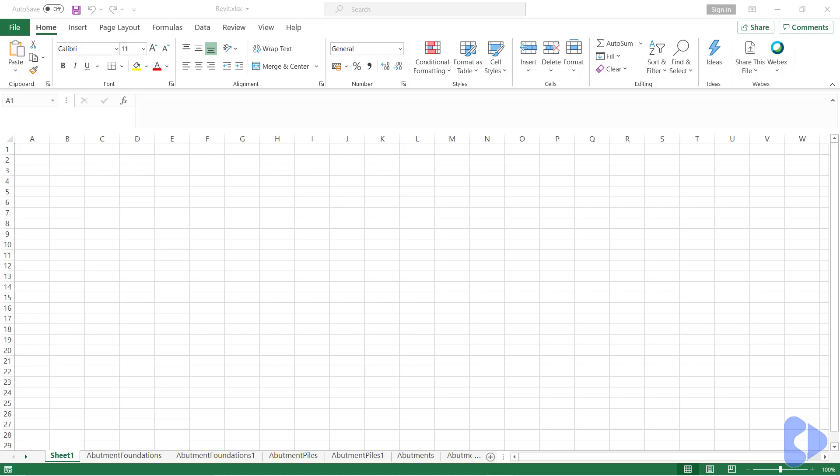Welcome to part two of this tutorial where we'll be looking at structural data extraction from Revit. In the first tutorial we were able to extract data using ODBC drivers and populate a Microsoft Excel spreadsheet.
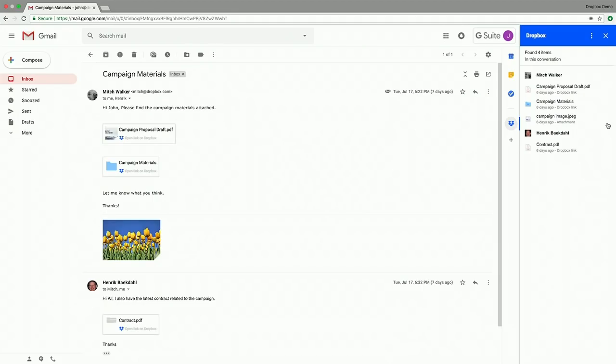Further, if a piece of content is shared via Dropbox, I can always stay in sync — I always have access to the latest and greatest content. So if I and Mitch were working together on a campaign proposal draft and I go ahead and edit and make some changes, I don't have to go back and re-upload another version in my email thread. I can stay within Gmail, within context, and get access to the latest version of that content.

---

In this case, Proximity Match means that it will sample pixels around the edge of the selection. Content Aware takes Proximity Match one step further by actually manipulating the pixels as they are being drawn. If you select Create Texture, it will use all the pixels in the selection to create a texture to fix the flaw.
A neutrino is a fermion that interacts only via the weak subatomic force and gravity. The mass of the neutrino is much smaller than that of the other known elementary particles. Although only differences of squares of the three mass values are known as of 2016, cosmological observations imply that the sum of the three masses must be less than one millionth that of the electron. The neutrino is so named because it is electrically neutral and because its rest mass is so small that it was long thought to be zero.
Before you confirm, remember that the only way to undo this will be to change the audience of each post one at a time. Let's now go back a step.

==

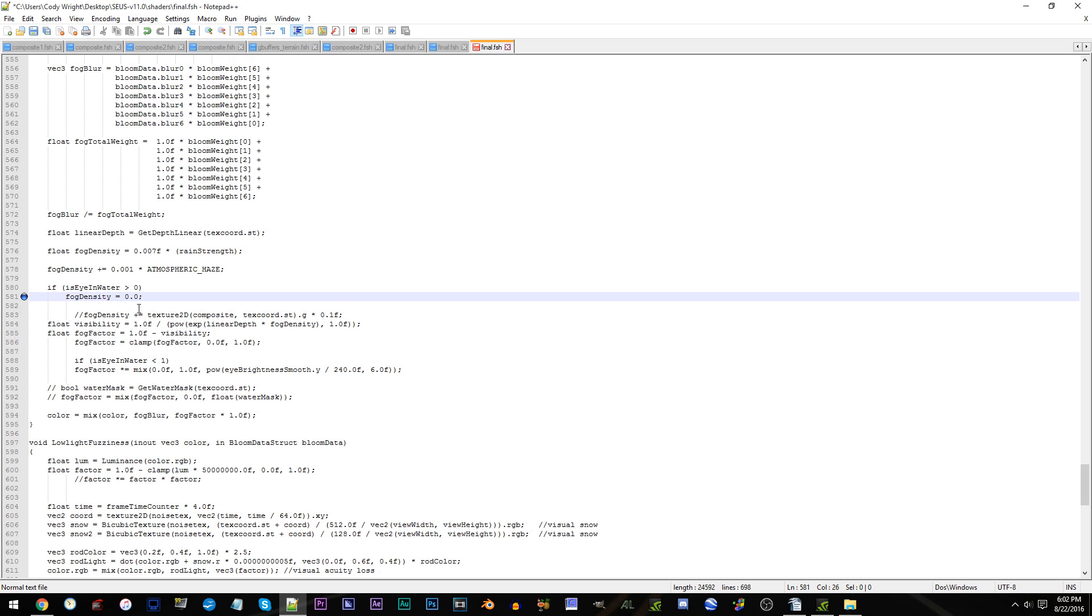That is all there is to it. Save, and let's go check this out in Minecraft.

◆ **INSTRUCTIONS FOR THE TASK**
Although the records above contain pictures, the copy should not; retype exactly the lines from the one containing "Welcome to part" through the one containing "Further, if a".

◆ **EXERCISE ANSWER**
Welcome to part two of this tutorial where we'll be looking at structural data extraction from Revit. In the first tutorial we were able to extract data using ODBC drivers and populate a Microsoft Excel spreadsheet.
Further, if a piece of content is shared via Dropbox, I can always stay in sync — I always have access to the latest and greatest content. So if I and Mitch were working together on a campaign proposal draft and I go ahead and edit and make some changes, I don't have to go back and re-upload another version in my email thread. I can stay within Gmail, within context, and get access to the latest version of that content.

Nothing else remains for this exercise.